By Fang Zhang
Before I came to Katowice to attend COP24, my imagination of the city was dark and dirty because it is a small city sitting on an old coal mine. When I arrived in Katowice, the beauty that has rejuvenated from the past indeed surprised me. The city is clean, pretty, and quiet, where you cannot imagine that coal mining had even existed. However, a country which has a long history and relationship with coal, coal is deeply connected to its culture. The first dinner that I had there was in a restaurant where all the decorations were modeled or marked with signs of coal history. The mix of the strong tracks of the coal culture and the progress of the phase-out of coal, mimics the compliance of the low-carbon transition.
As a person who attended the COP for the first time, I was super excited about the negotiation process and the side events, especially in the early days. Fortunately, there were a few negotiation rooms that were open to the public, though most negotiation events were closed-door. I, however, quickly got tired and lost my passion after attending three negotiation sessions. Most of the time, delegates were just there to present their ideas or shout out their demands for others but were unwilling to lay out their own concrete action plan. Surprisingly, some of them seemed to lack the knowledge to deal with the global stocktake, especially the technical aspects, partially due to the complexity of the issue, and therefore made the negotiation process unnecessarily slow and ineffective. My initial curiosity quickly faded during the long and boring negotiation process as I began to understand how difficult the climate change negotiations could be, given the time limitations.
What excited me during my stay in Katowice is the strong message from sources that there are dramatic success stories of coal plants declining in most of the world and how the capacity of renewable energy is rapidly accelerating. Renewables in China, India, Chile, and Mexico are booming. The EU committed to having renewables account for 32 percent of their energy use by 2030. Though the U.S. federal government drags its feet on the climate change issue, solar and wind power are now cheaper than fossil fuels, and an increasing number of private entities are motivated to take action. For instance, the U.S. utility company Xcel Energy has committed to producing 100% carbon-free electricity by 2050. However, compared with the astonishing achievement of renewables; energy efficient technologies, adaptation technologies, and others that are required by deep decarbonization have proceeded much slower. Surprisingly, conversations on other technology fields are marginalized during the conversations at COP24 given that only a few side events focused on them.

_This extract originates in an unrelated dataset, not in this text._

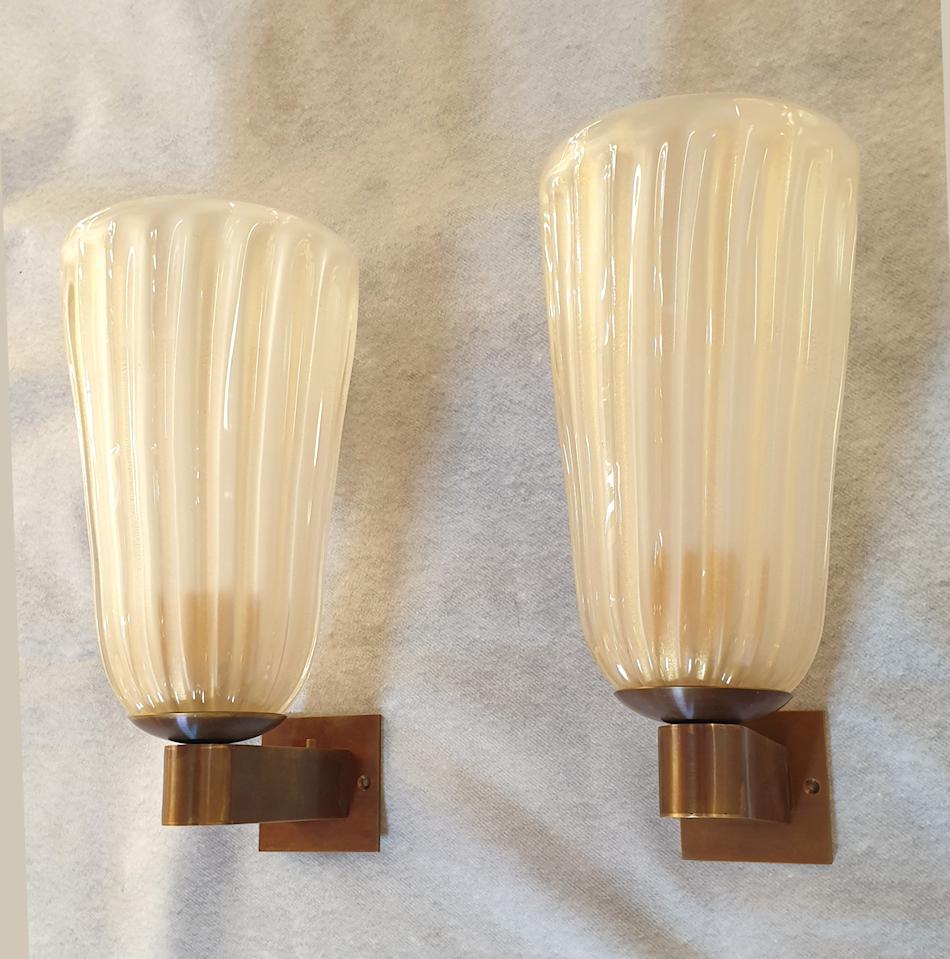 Pair of Mid-Century Modern ivory Murano glass sconces, 
The vintage sconces are made of handmade Murano glasses by Barovier & Toso, Italy, 1970s.
The Murano glasses are translucent and create a warm light.
The mounts are new: with an old brass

My CIERP colleague, Mr. Rishikesh Bhandary, and I attended the “Building Resilient Economies by Improving Climate Risk Financing and Investments” event at the Japanese Pavilion, where he provided a briefing on our joint research on green finance. Our point that only information disclosure is not sufficient enough for green finance was echoed by the panelists and as well as the audience. To mobilize more green finance to support climate change action, we need other types of policies, such as financial or fiscal policy, and greater coordination among them too. In our assessment of direct lending policies, we also find that much of the scholarly literature focuses on companies as the unit of analysis. We are calling for more thinking about the risk profiles of cities, other sub-national actors, and other various jurisdictions, and the nature of finance they have access to.
During COP24, President Trump sent out several rounds of Twitter attacks on combating climate change, but they have been surprisingly neglected by delegates and no one seems to be bothered by him in at the COP. As the climate talks went on, however, France’s “Yellow Vest” movement cast a pessimistic shadow on COP24 that government-led climate action can be tenuous in any country, even in a country where the most optimistic Paris Agreement was reached. When people talked about this demonstration and the French President’s final decision to give up his planned increase in fuel taxes, I could tell the pessimistic tone and deep disappointment behind them. Some people also reminded me, though, that anti-climate change is just a scapegoat. What protests are really against is social inequality rather than climate change actions, which reminds the importance of other issues when we are working on climate change.